We are on this bizarre spot because it affords the cameras a decent view of the Gleneagles hotel sign and because, in 18 days time, nobody present will be allowed anywhere near it, which is pretty much what they are here to complain about.
Tariq Ali, the veteran radical, helpfully suggests that if the G8 leaders don't want protesters near their summits they should hold them on » submarines, aircraft carriers or space stations «, while Aamer Anwar, the human rights solicitor and pro-am, all-purpose moaner, scatters claims that everything in the world is a flagrant breach of everything else.
It's left to Gill Hubbard to represent the voice of sobriety and reason, or its closest approximation. As the spokeswoman of G8 Alternatives, Hubbard is the public face of Perthshire protest, the militant peacemaker whose job is to quell fears of anarchist uprising and insist that next month her confrères will overcome, but in the nicest way possible.
» It's not just that we like putting one foot in front of another, « she says. » It's part of our tradition. We've always had to march. From the suffragettes to Martin Luther King, we've always marched. It's a libertarian issue now. If they tell us we can't march at Gleneagles they're depriving us of a basic human right. «
Originally from Leicestershire, Hubbard, 40, came to Scotland eight years ago to take up a health research post at Edinburgh University. She was politicised in the mid-1980s when the miners' strike tore apart communities like the one in which she'd grown up. She fits campaigning around her day job, booking her holiday to coincide with the Gleneagles summit.

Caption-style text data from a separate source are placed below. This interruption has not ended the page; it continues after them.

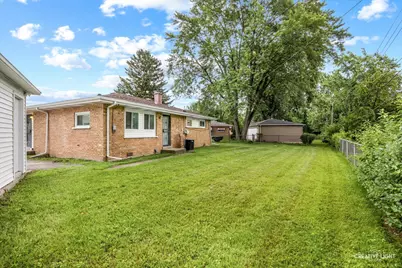 [Address not provided], Markham, IL 60428 - Photo 16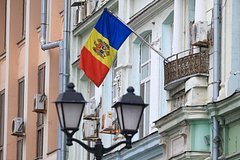 В Молдавии оппозиционеров отстранили от выборов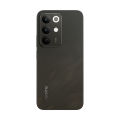 Realme C85 | 8/128GB | 6.8" Display | 1 year Official Warranty.
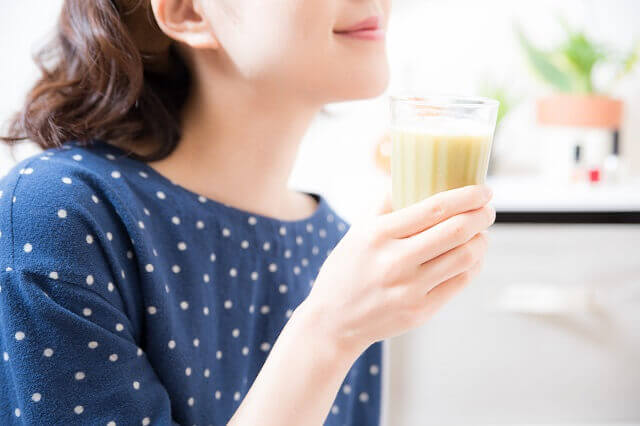 酵素ドリンクソムリエ資格試験概要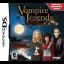 Vampire Legends: Power Of Three - Nintendo DS - Retrocharting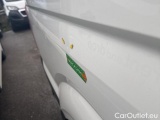  Volkswagen  Crafter 2.0TDI 140 30 L3H3 BUSINESS #62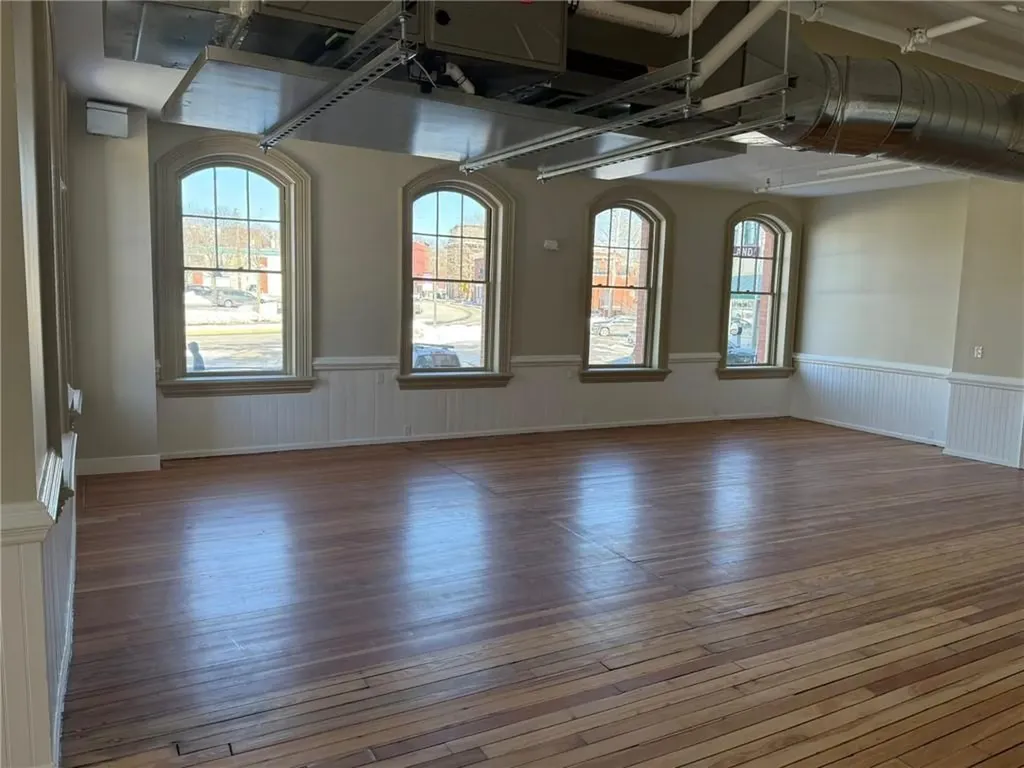 68 South Main Street Woonsocket RI 02895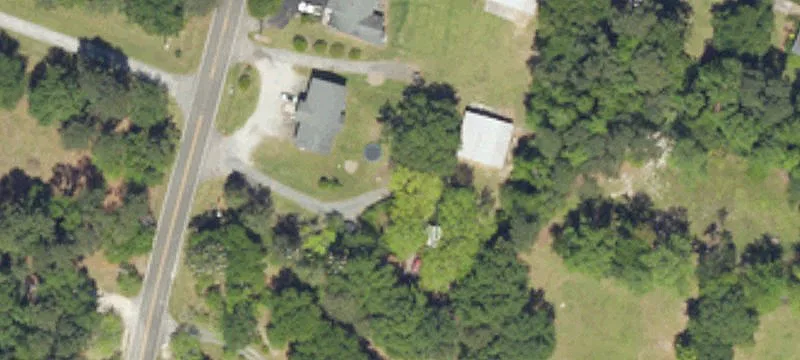 1800 Pinopolis Rd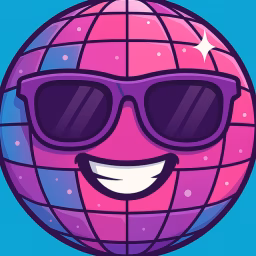Disco Nostalgia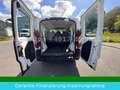 Peugeot Expert 6-Sitzer 19% MwSt. Gepflegt Weiß - thumbnail 12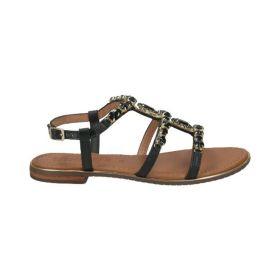 GEOX SOZY PLUS SANDALS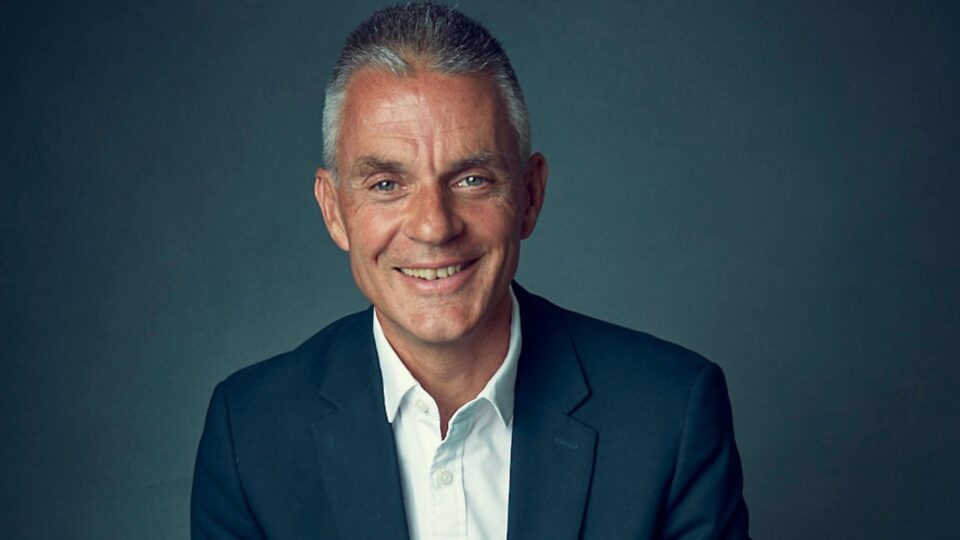 BBC issues statement on licence fee settlement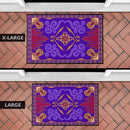 Aladin Doormat Nearkii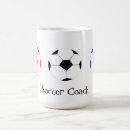 Recherche de jouer au football tasses Entraîneur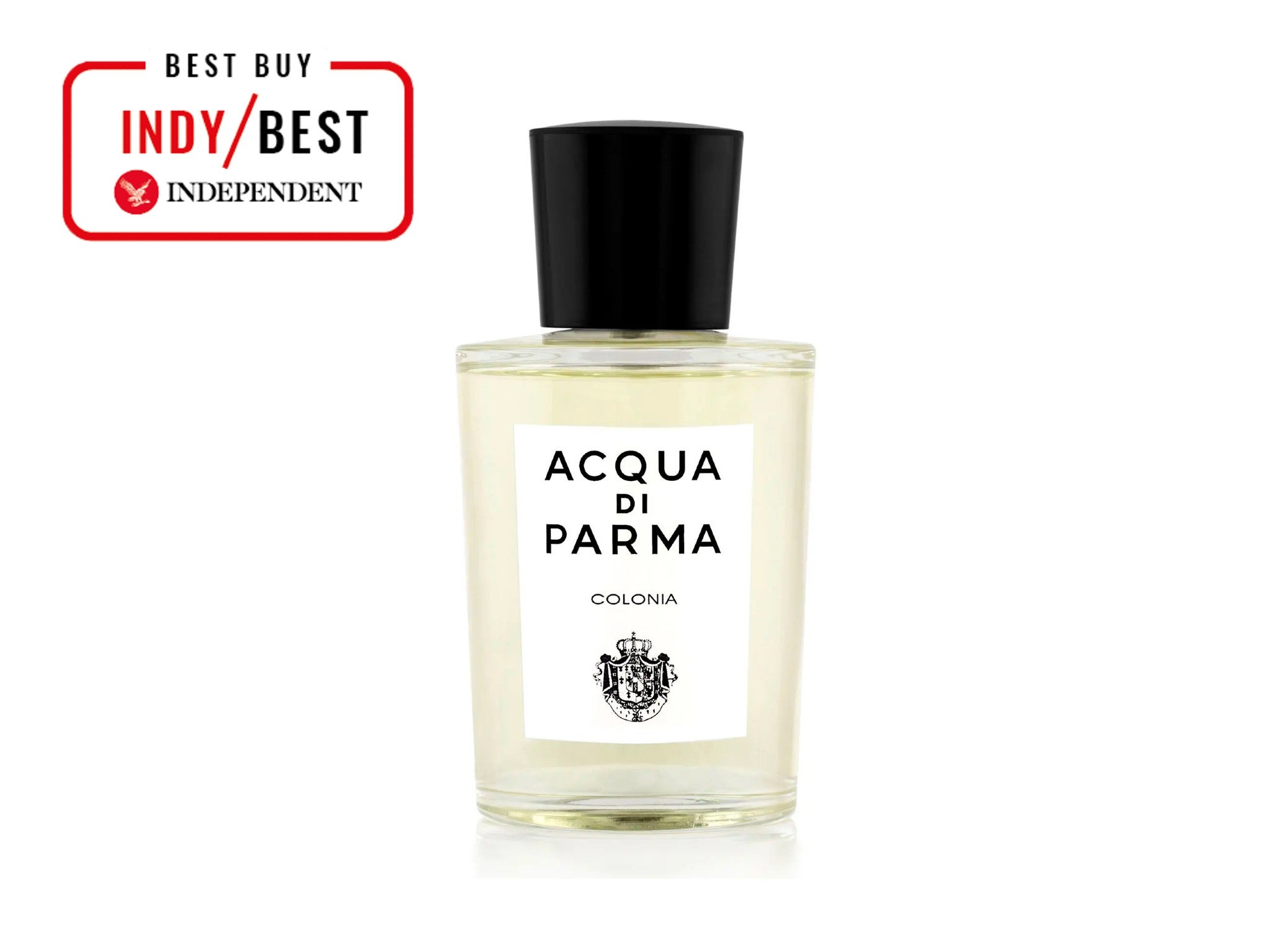 Acqua di Parma colonia indybest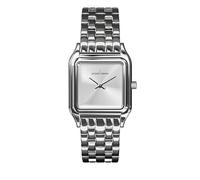 Jacques Lemans 1-2218A Ladies Antwerpen Watch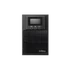NJOY Szünetmentes  1000VA - Aten Pro 1000 (3 Schuko, USB/RS-232, On-line, szinuszhullám, generátor támogatás, Eco mód)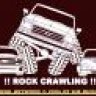 94_bronc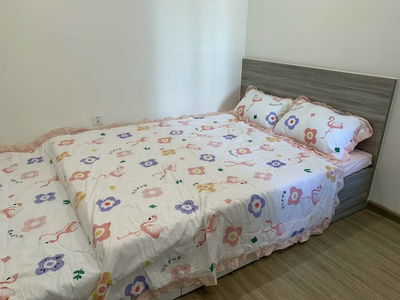 Grand Park, Vietnam Grand Park, Vietnam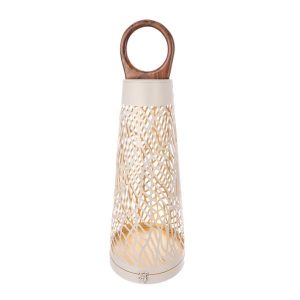 DK-200112 Dekoráció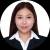 Virtual Assistant | Administrative Support | Customer Service |Tourism & Hospita…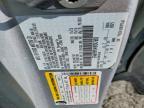 2017 Ford Fusion se Phev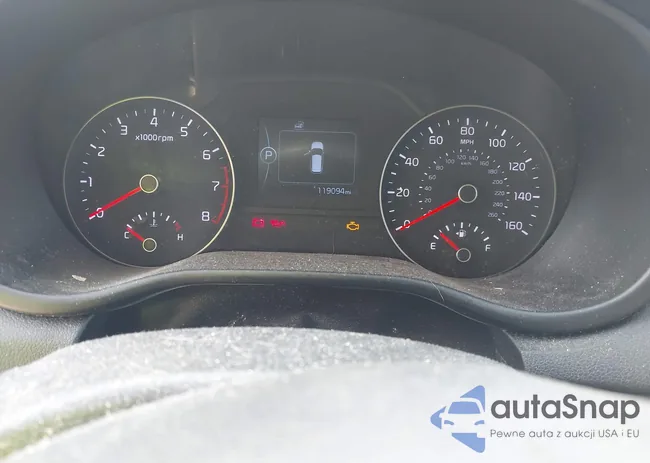 KNDPMCAC0H7101362: 43247022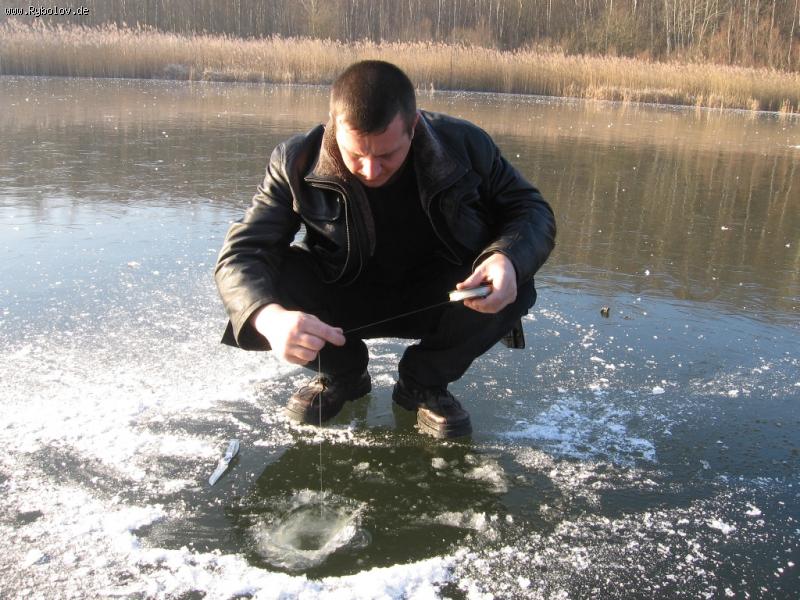 --����� ������ 2 - ������� (����������)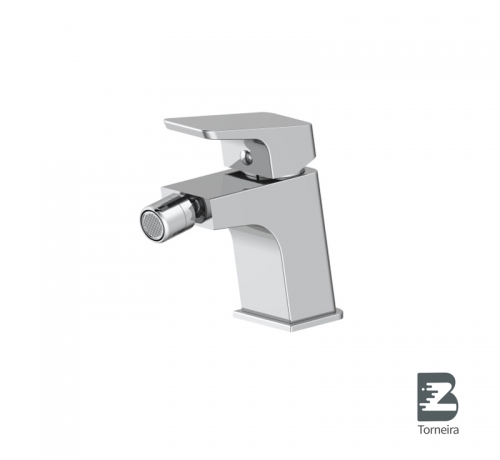 B-9007 Single Handle Bidet Fitting Faucet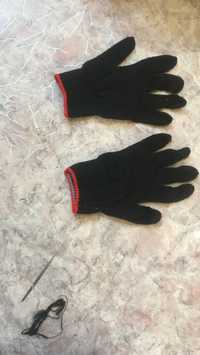 Продам оптом  рабочие перчатки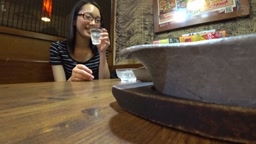 彩乃　最高傑作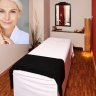 Therapeutic Massage Montreal -  Massage Anti-stress  30 min 50$
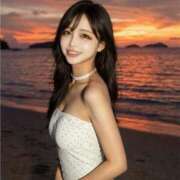 ヒメ日記 2026/03/01 10:51 投稿 大天使♡ゆん BUNNY PLAS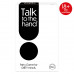 AS Games Board Game Talk To The Hand For Ages 18+ And 3+ Players
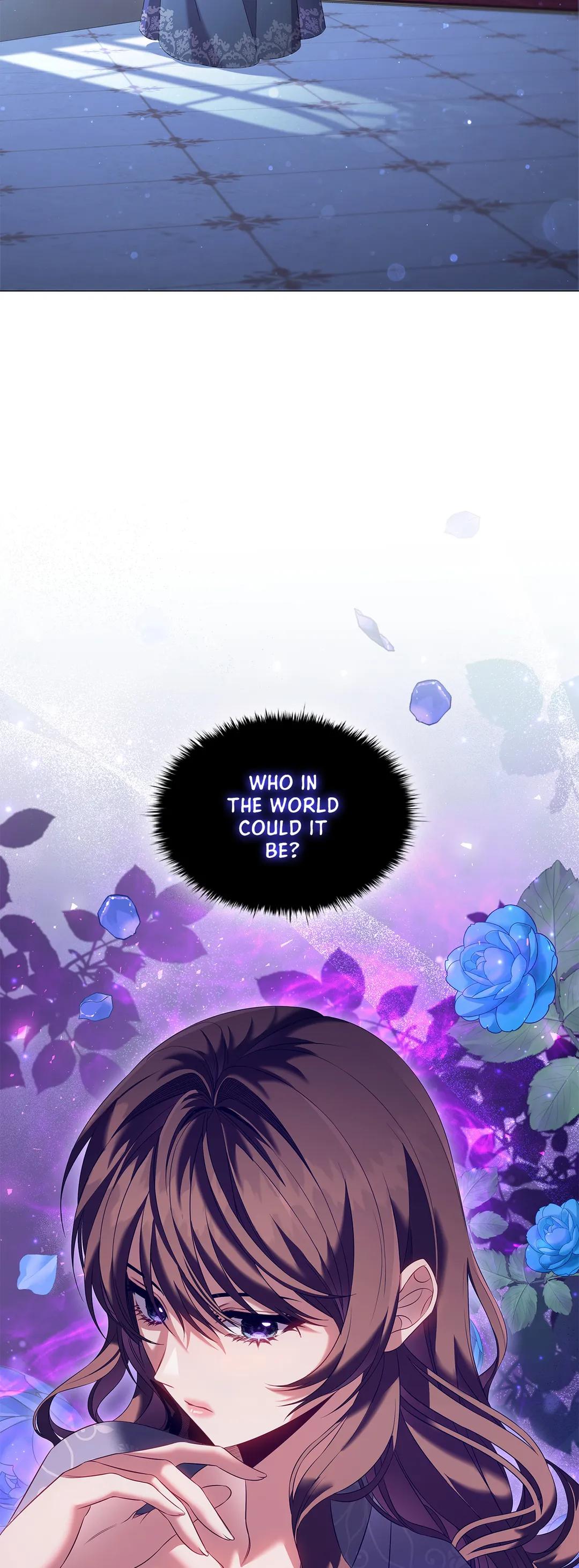 Page 10 of Chapter 70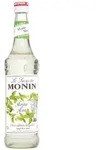 Monin Mojito Mint Sirup 1000ml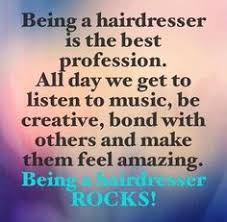 Pin By Lynn Hammond On Harbor Hair Design Rocks Hair Salon Quotes Hairstylist Quotes Hair Quotes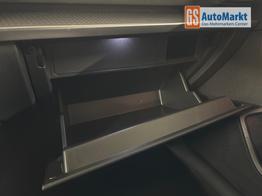 Cupra Formentor 1.5 eTSI 150PS/110kW DSG7 2026 | +AHK +5-Jahre Erw. Garantie +NAVI +UPGRADE-Paket 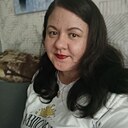 Анастасия, 35 лет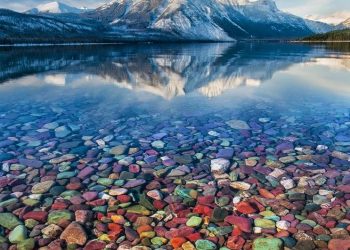 Vietnam visa on arrival for Senegalese citizens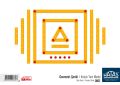 HATAS 0862 GEOMETRİ ŞERİDİ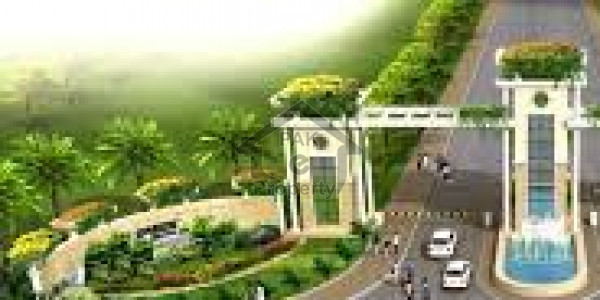 Plot Is Available For Sale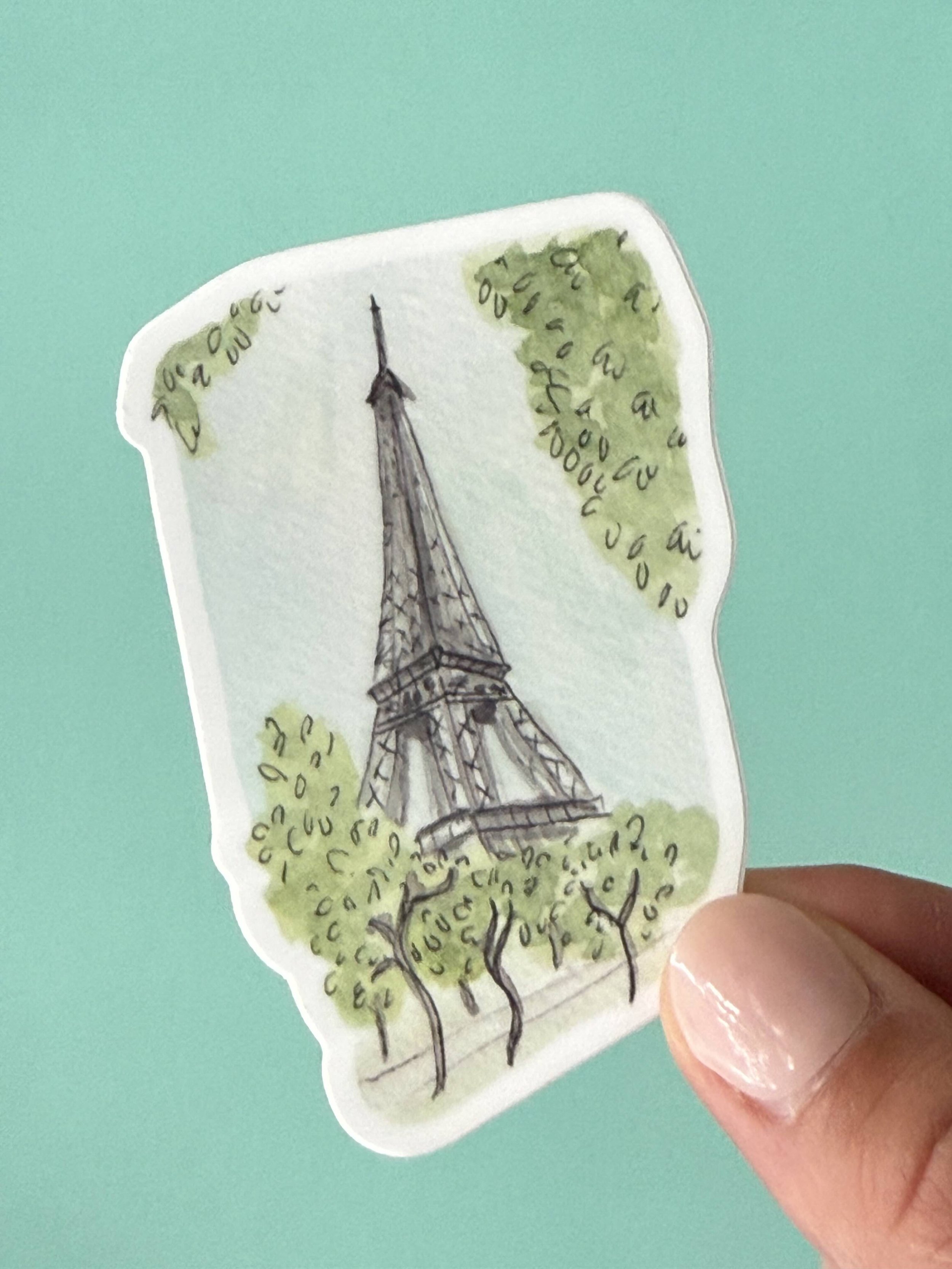 eiffel tower sticker.jpg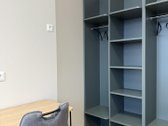 Nuomojami Co-living tipo butai. Naujai - nuotraukos Nr. 19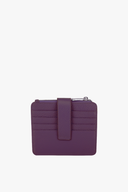 JODELLE CARDHOLDER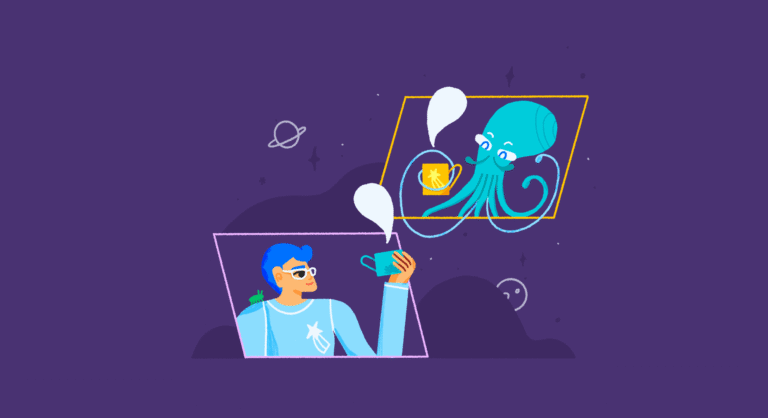 sprint-retrospective-lean-coffee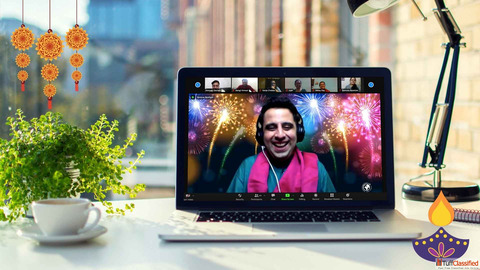 Online Deepawali Special Games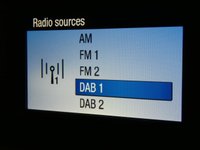 USED 2021 21 FORD GRAND TOURNEO CONNECT 1.5 EcoBlue Titanium MPV 5dr Diesel Auto Euro 6 (s/s) (120 ps) GENUINE LOW MILES 5 SEATS SUNROOF CRUISE CONTROL PARKING SENSORS 1 OWNER SERVICE HISTORY WARRANTY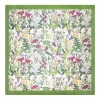Nappe Sommartid, 145x145 cm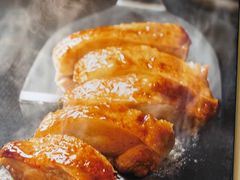 -吉野家(维明街店)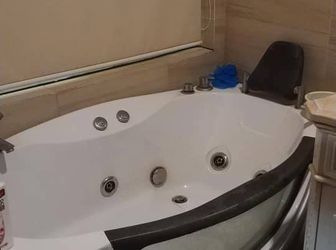 Mặt Phố Thái Hà, Đống Đa, Vị Trí Đắc Địa, 100M2, Kinh Doanh Cực Đỉnh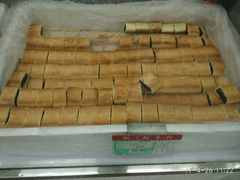 -稻香村糕点(北京站东街店)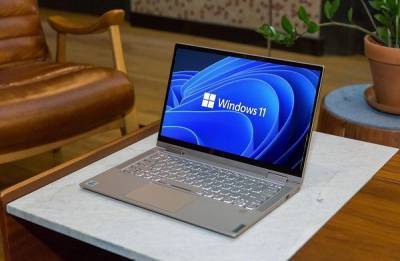 В Windows найдена роскошная «дыра». Чтобы защититься от хакеров, нужно «сломать» свои принтеры - cnews.ru - Китай - По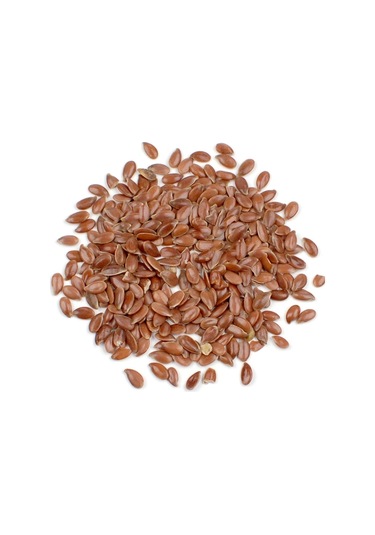 Kappadokia Keten Tohumu 500 G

Despite being a member of the Scottish Socialist party, Hubbard is keen to come over as a new type of protester. She wants to be seen as reasonable and articulate. She wants to convince people that the mainstream is on the cusp of reshaping its ideas about social and global responsibility and that groups such as G8 Alternatives will soon be articulating the consensus rather than the margins.
Even so, you wonder from where the G8 obsession derives. It's Hubbard's contention that eight nations are running the world in a shambolic, criminally inequitable way. What gives her organisation the chutzpah to think it knows better? » Because we have empirical evidence that the neoliberal strategy to privatise the developing world doesn't work, « she says with the moral certainty normally reserved for the goddess of anti-capitalism, Naomi Klein. » Poverty has become worse in the last 50 years under the G8 strategy, global instability has increased, world health has declined and the environment has never been in worse shape. The situation is complex but our demands are simple: drop Africa's debt, for one. «
But they have; so why continue with a G8 protest? » It's good that they've done that, « she says, » but it's not enough. It's for only 18 countries. It's a pitiful amount compared with America's defence budget. «
Hubbard's acolytes arrive and order tea in Gleneagles' horrifyingly pricey bar. When they depart, they leave a bill of 40 for me to deal with. Hubbard may be the acceptable face of anti-globalist protest but it's reasuring to know that G8 Alternatives maintains a consistent attitude to debt relief.